Değerli Meslektaşlarım,
“Türk Patoloji Dergisi” daha nitelikli bir dergi olma hedefini koruyarak yolunda ilerlemeye devam ediyor.
Geçmişten gelen birikimi, deneyimli kadrosu ve patoloji camiasının desteği en büyük gücünü oluşturuyor. Bu
potansiyelini her geçen gün dergimize gelen makale sayısındaki artış ile görmekteyiz. Sayısal artış yanı sıra
makalelerin daha geniş bir coğrafyadan dergimize ulaştığı verisi de diğer bir önemli saptamadır. 2012 yılında
13 farklı ülkeden 100'e yakın makale dergimizde değerlendirilmek üzere gönderilmiştir. Bu sene Türk Patoloji
Dergisi'nin etki alanını genişletmek amacıyla uluslararası deneyimi olan ve özellikle Doğu Avrupa'da yaygın
iletişim ağı olan Versita şirketi ile anlaşma yapılmıştır. Böylece daha yaygın tanınmayı ve daha çok makale kabul
etmeyi bekliyoruz.
Bu yıl Türk Patoloji Dergisi'nde işleyişi hızlandırmak ve yazarlara daha hızlı yanıt verebilmek için bazı
değişiklikler yapıldı. Bu değişikliklerin etkinliğini izleyebilmek amacıyla da sürekli izleme programları
kullanılmaya başlandı. Henüz istediğimiz düzeye ulaşmasak da yanıt verme hızımız arttı. 2014 yılında tüm
gelen yazılara 4-5 haft a içinde yanıt vermek amacındayız. Sadece makale değerlendirme süresini kısaltmayı
değil makale değerlendirmelerinde de daha titiz davranmaya başladık. 2012 yılında ret oranlarımız %30'lar
civarındadır ve bu yıl daha yüksek olacaktır. Ayrıca daha etkin bir değerlendirme yapabilmek amacıyla da bazı
değişiklikler gerçekleştirdik. Bugün bilim dünyasında, danışmanlar makalenin daha nitelikli olmasını sağlayan
kişiler olarak kabul edilmektedir. Biz de danışmanlarımızın makalelere olan katkılarını artırmayı teşvik ederek
daha nitelikli çalışmalar yayınlamak için yüksek derecede katkı sağlayan danışmanları seçip her yıl dergide
duyuracağız. Bilim dünyasına olan katkılarına şükranlarımızı isimlerini duyurarak yapmaya çalışacağız.

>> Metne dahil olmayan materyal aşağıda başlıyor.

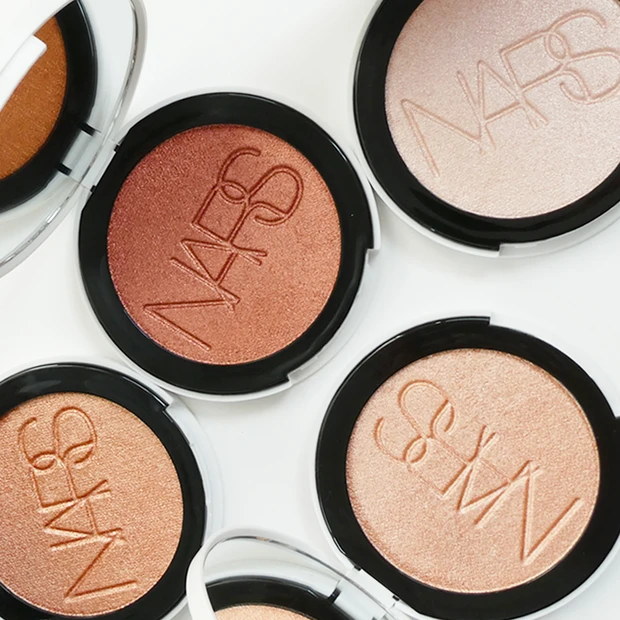 NARSで透明感爆上がり！ 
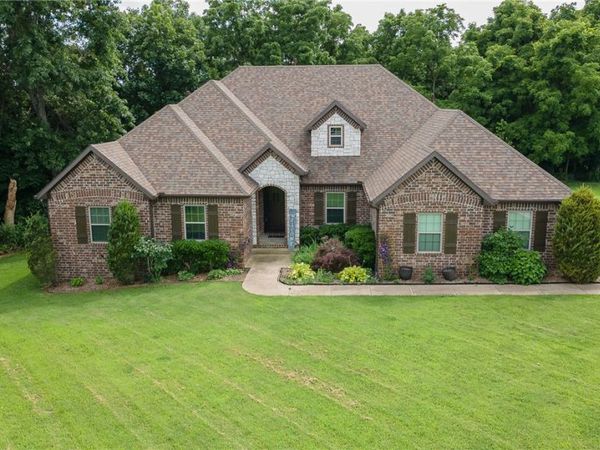 1166 Trail Bluff Drive , Fayetteville, AR 72703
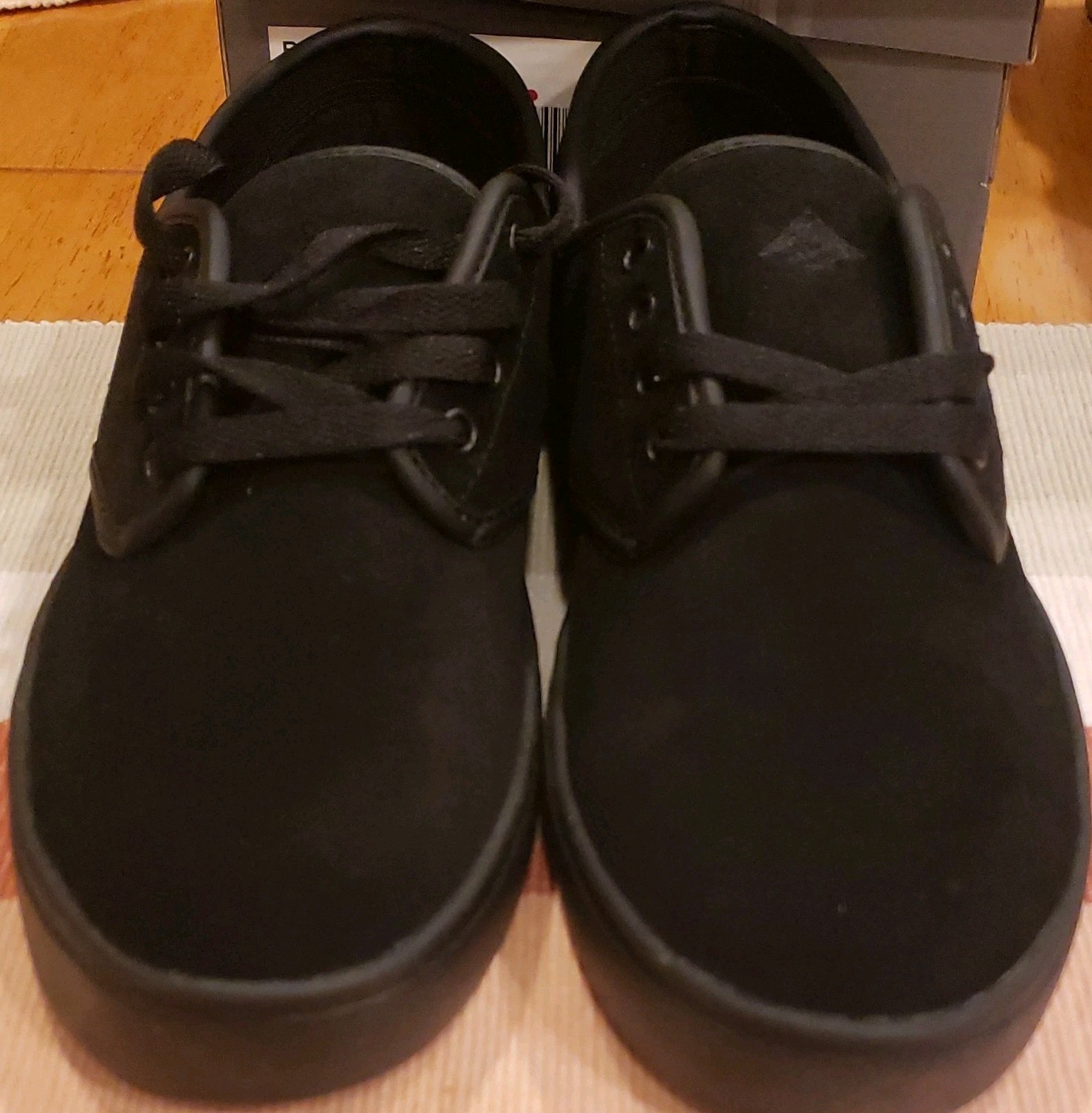 Emerica Men's Laced Skateboarding Shoes Black US Size 8.5 Medium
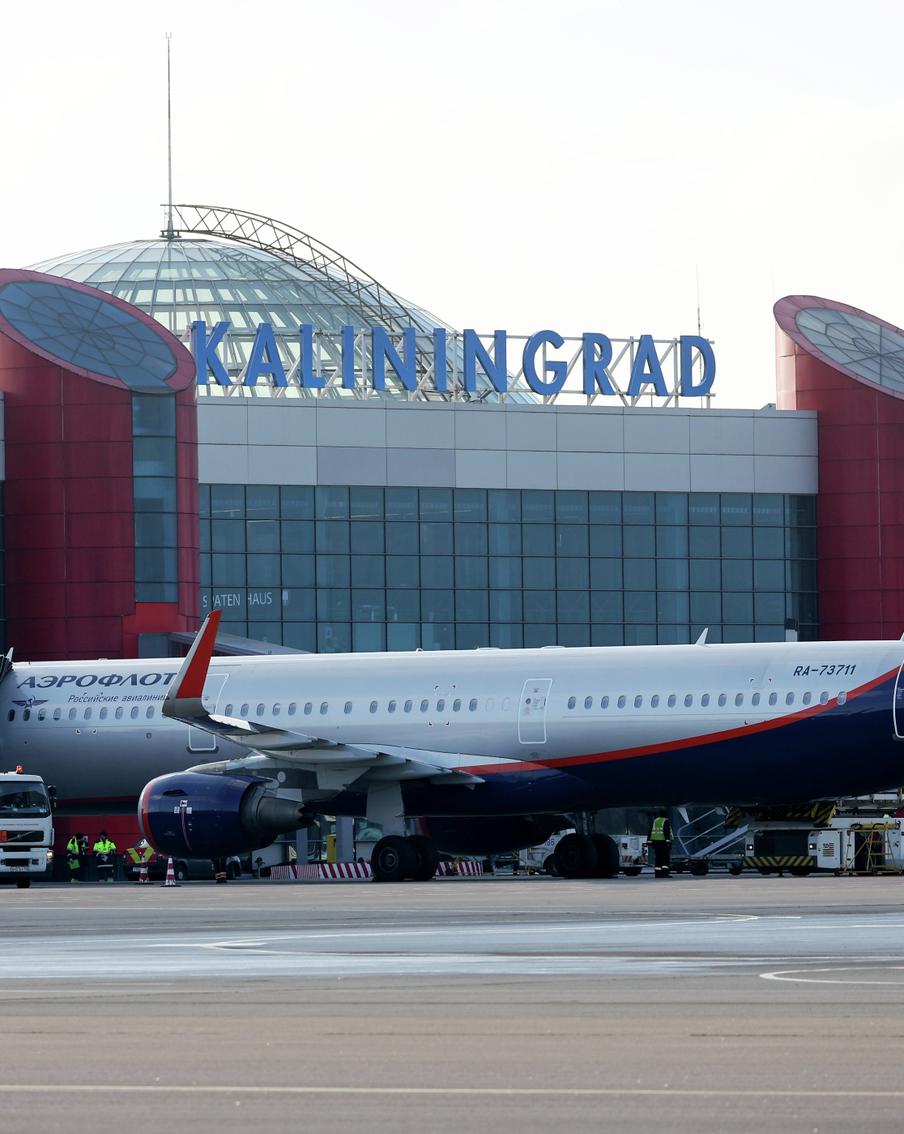 В Совфеде предложили продавать субсидированные авиабилеты только калининградцам. Сенатор Александр Шендерюк-Жидков выступил за изменение правил субсидирования перелётов, предлагая выделить льготные билеты и единый "плоский" тариф исключительно жителям региона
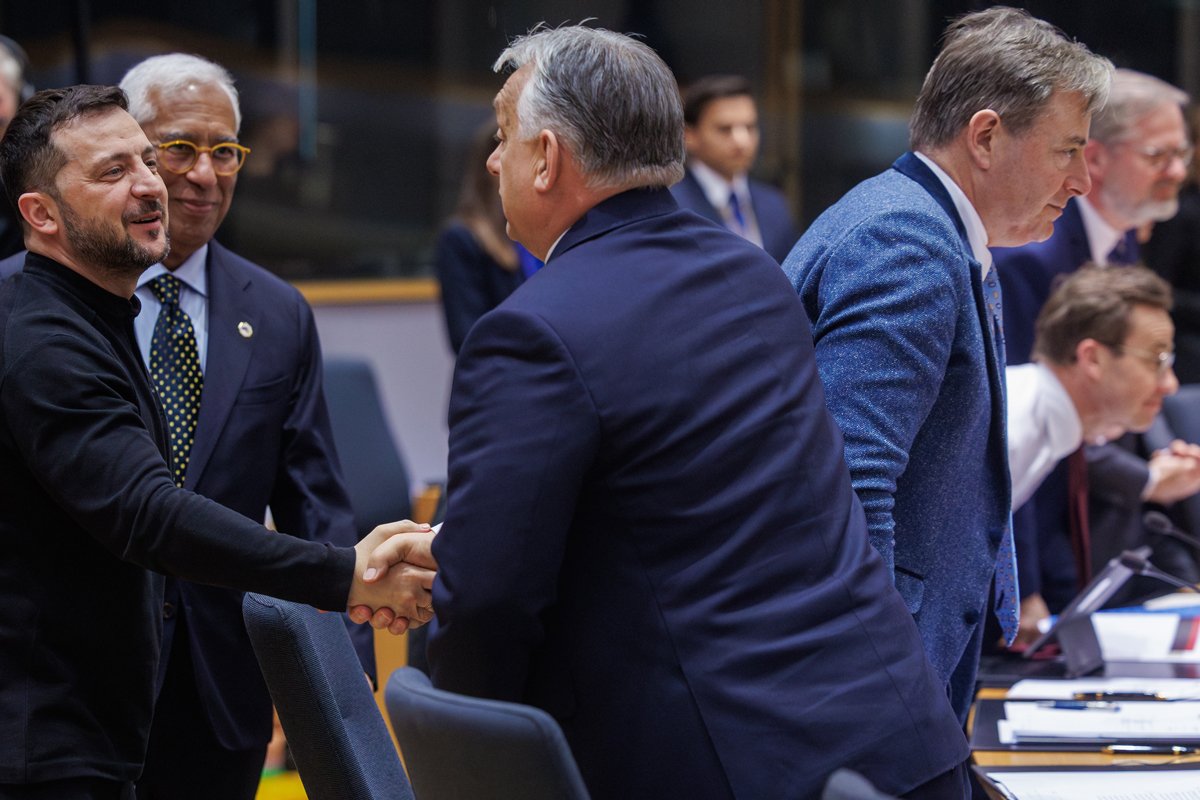 Владимир Зеленский и Виктор Орбан во время заседания Евросовета в Брюсселе, 6 марта 2025 года. Фото: Olivier Matthys / EPA
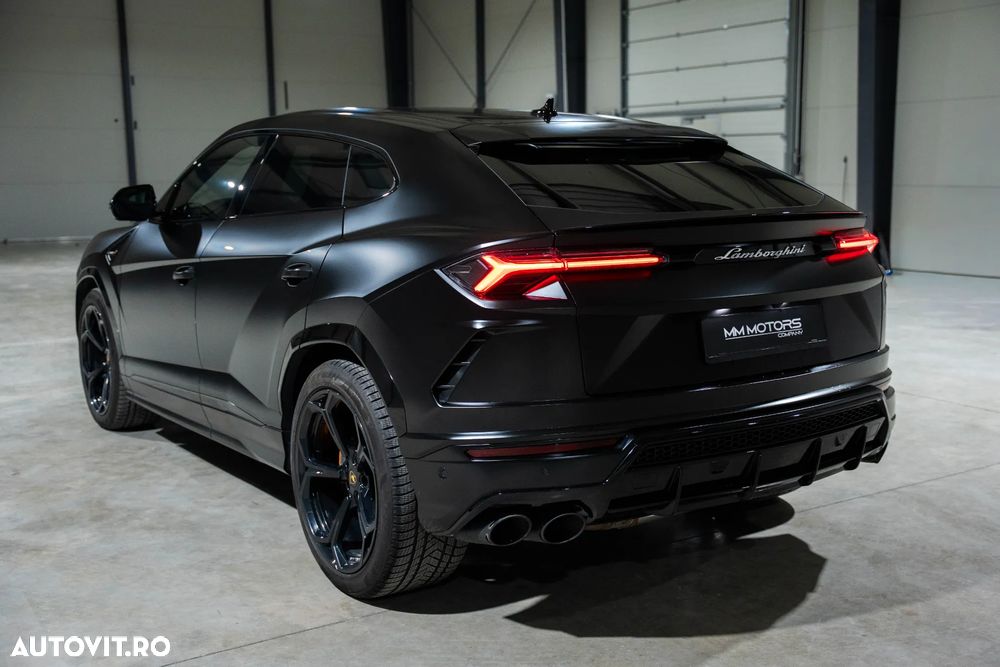 Lamborghini URUS - 17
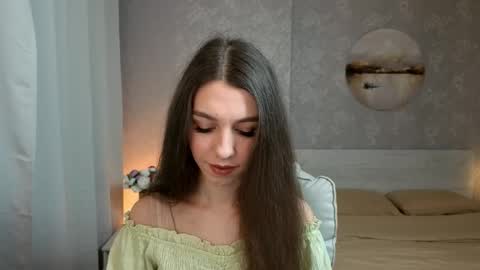 Kelly online show from 09-11-25, 04:07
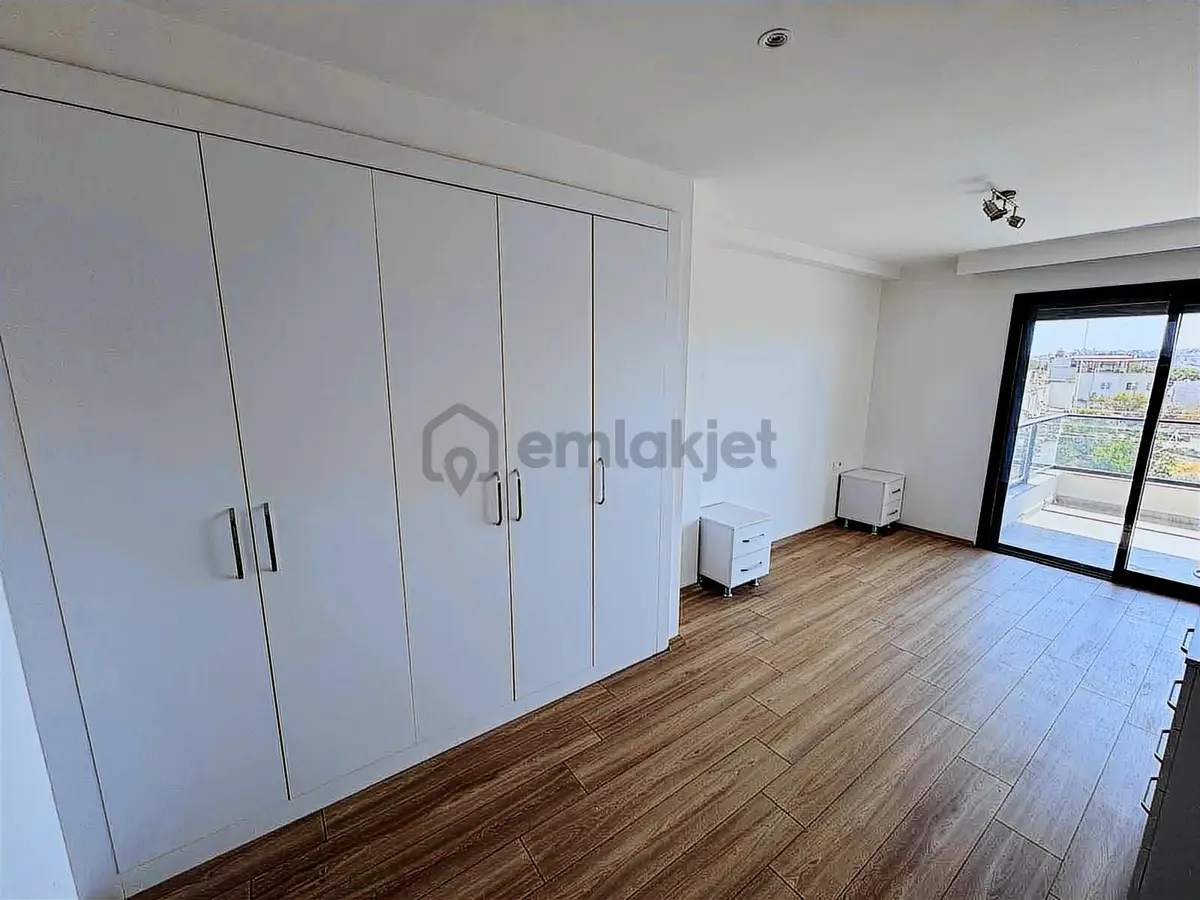 Marina' Da Lüks Rezidansda Deniz Manzaralı 3+1 Daire ! - 19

Yazarlara, bu sene de en “iyi araştırma makalesi ödülü” vereceğimizi tekrar anımsatmak isteriz.
“Aşırma” son yıllarda bilim dünyasını giderek artan oranda olumsuz olarak etkileyen önemli sorunlarından
birisidir. Ancak, iyi haber “aşırmayı” saptayabilmek için geliştirilen programların bulunmasıdır. Bunlardan
birisi de “iThenticate” dir. Biz de 2013 yılından itibaren gelen makaleleri bu programı kullanarak taramaya
başlamış bulunuyoruz. Böylece Türk Patoloji Dergisi'ni olumsuz etkenlerden uzak tutmaya çalışacağız.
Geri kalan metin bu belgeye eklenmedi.